I’d suggest look out for skin cancers - but in Oz you sre skin aware anyway. I have MF and my only initial symptom was fatigue. Its good to have the diagnosis made. Take care. H
Yes I thought about that.. am fair skinned and have had few solar keratosis spots looked…thanks also to growing up in Africa. Am gaining lots of insight to MPN from this great forum. Grateful to have found it.
I was on hydroxy for 3 years without problems and then developed a reaction to it, so was changed to Anagrelide, been on that quite a few years now. It is scary when first diagnosed but you soon learn to live with it. ET is life long NOT life limiting!

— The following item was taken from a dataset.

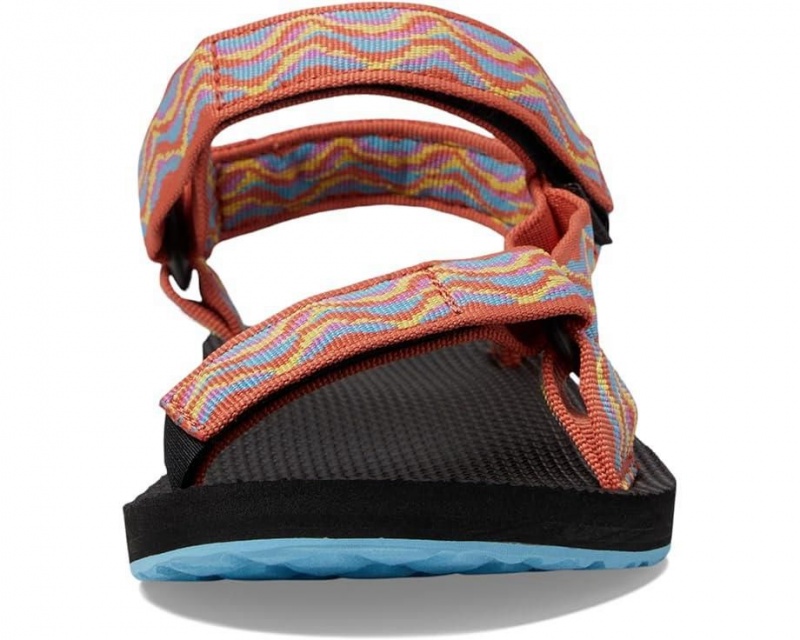 Red Teva Original Universal Revivew Women's Sandals | 94283-UIFK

Thanks for your reply ..I can be sensitive to some medications and even foodstuffs and body creams etc so am hoping my tolerances will able to cope with hydroxy.. and see I’m even learning the lingo. How did your reaction present itself ?
I got extremely painful ulcers on my feet which wouldn’t heal. Dermatologist said hydroxy was known to cause skin issues, however that doesn’t mean you will get them. Some people take hydroxy for many years without problems! Hope all goes well for you.
Hope you’re keeping well, it is a shock to get the diagnosis and takes a while to get your head round it, but read as much as you can about it. This forum is great for sharing your worries and getting great advice and support.
I have been taking hydroxy for 5 years starting with 500mg daily and increasing it to 1000 Mon to Fri and 500mg sat and Sunday, my platelets were at 1300 and are now steady around 320 mark. I haven’t had any side effects that have caused me any great problems. I feel the benefits of hydroxy far outweigh any issues. I’m sure you are sun safe already, using high factor sunscreen, wear a hat and avoiding midday sun.
Wishing you well on hydroxy with no side effects, and a great holiday 😎
Hello and welcome to the forum. Glad you found your way here.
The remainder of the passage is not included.